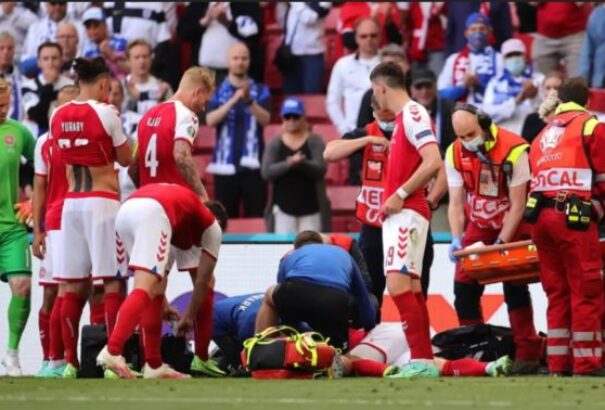 Foci-EB: Összeesett a pályán Christian Eriksen dán játékos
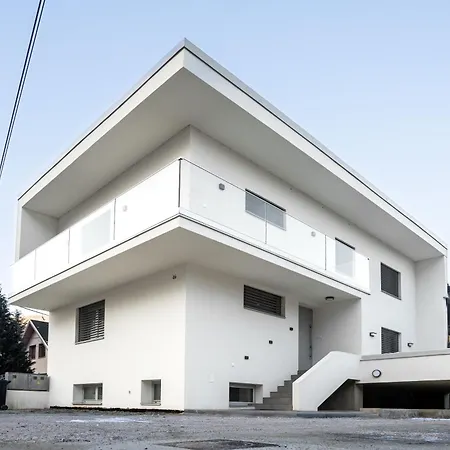 Ubytovacie Zariadenie U Mudajov 게스트하우스 3*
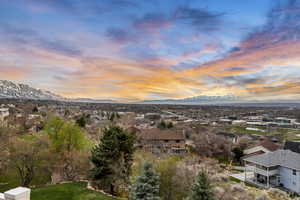 Mountain view featuring a residential view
- - - - -
Every line from the one containing "Ubytovacie Zariadenie U Mudajov 게스트하우스 3*" through the last line of the data, both included, is to be repeated exactly; the pictures are to be left out.

 Ubytovacie Zariadenie U Mudajov 게스트하우스 3*
 Mountain view featuring a residential view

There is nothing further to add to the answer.